- Data excerpts
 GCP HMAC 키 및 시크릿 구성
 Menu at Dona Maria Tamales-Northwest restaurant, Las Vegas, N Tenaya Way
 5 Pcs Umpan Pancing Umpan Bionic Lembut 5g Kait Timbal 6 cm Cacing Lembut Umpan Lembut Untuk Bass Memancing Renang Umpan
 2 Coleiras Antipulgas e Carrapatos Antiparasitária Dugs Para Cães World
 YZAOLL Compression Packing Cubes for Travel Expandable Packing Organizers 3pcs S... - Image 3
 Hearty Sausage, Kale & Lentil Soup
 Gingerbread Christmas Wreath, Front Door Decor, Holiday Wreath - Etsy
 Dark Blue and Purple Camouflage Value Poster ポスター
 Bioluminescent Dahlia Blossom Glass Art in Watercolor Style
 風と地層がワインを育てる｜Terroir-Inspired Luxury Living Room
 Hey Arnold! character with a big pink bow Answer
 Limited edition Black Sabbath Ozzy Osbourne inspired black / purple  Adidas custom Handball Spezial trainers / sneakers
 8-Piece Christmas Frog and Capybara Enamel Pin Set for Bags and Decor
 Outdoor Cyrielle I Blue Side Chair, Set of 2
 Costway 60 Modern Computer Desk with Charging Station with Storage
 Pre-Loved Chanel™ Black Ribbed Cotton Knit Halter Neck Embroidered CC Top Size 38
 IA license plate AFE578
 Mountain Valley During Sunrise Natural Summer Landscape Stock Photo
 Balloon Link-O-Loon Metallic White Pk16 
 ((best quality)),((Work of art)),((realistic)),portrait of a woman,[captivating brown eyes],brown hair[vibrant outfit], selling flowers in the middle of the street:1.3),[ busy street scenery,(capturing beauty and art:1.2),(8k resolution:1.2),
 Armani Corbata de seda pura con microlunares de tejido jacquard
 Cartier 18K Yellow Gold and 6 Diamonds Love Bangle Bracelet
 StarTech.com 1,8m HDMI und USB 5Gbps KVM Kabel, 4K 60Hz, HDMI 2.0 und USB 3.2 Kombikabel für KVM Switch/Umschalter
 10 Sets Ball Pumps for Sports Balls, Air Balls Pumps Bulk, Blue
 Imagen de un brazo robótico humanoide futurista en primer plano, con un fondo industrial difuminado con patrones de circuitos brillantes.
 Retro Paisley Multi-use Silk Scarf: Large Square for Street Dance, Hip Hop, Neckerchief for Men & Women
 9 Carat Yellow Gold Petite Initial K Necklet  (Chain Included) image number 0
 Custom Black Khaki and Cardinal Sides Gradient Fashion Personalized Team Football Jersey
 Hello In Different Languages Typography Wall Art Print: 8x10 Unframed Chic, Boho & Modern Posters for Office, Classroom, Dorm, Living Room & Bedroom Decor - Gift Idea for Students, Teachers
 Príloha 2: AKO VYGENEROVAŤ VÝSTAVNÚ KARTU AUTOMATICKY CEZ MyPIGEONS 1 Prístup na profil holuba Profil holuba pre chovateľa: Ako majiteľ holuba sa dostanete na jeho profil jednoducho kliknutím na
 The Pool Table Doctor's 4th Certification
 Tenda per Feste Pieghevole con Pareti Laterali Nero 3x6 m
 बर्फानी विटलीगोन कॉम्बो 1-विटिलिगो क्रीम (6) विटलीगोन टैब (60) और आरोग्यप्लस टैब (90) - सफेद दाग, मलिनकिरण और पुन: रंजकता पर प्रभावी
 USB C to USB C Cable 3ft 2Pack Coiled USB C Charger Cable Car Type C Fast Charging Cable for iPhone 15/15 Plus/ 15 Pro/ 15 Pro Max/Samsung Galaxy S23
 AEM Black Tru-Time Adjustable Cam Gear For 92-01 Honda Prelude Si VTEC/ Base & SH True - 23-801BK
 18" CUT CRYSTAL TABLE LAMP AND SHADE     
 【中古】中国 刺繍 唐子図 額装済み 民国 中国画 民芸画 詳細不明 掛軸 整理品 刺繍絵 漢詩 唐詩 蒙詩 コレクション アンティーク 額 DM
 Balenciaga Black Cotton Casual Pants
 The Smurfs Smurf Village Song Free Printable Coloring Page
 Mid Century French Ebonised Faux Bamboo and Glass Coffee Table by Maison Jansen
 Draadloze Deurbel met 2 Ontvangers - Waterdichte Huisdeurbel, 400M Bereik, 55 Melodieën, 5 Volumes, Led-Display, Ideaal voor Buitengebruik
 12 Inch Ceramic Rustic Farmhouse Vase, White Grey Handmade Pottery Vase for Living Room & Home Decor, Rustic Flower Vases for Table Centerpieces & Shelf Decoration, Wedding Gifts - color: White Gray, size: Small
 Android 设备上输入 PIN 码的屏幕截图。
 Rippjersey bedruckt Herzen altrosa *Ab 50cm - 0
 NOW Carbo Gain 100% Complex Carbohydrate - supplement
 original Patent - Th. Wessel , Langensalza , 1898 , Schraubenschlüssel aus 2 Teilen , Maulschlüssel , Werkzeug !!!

- Your task
Nothing beyond the lines from the start of the entries through the line with "Dark Blue and" should appear. Repeat those lines exactly, both ends included.

- Exercise answer
 GCP HMAC 키 및 시크릿 구성
 Menu at Dona Maria Tamales-Northwest restaurant, Las Vegas, N Tenaya Way
 5 Pcs Umpan Pancing Umpan Bionic Lembut 5g Kait Timbal 6 cm Cacing Lembut Umpan Lembut Untuk Bass Memancing Renang Umpan
 2 Coleiras Antipulgas e Carrapatos Antiparasitária Dugs Para Cães World
 YZAOLL Compression Packing Cubes for Travel Expandable Packing Organizers 3pcs S... - Image 3
 Hearty Sausage, Kale & Lentil Soup
 Gingerbread Christmas Wreath, Front Door Decor, Holiday Wreath - Etsy
 Dark Blue and Purple Camouflage Value Poster ポスター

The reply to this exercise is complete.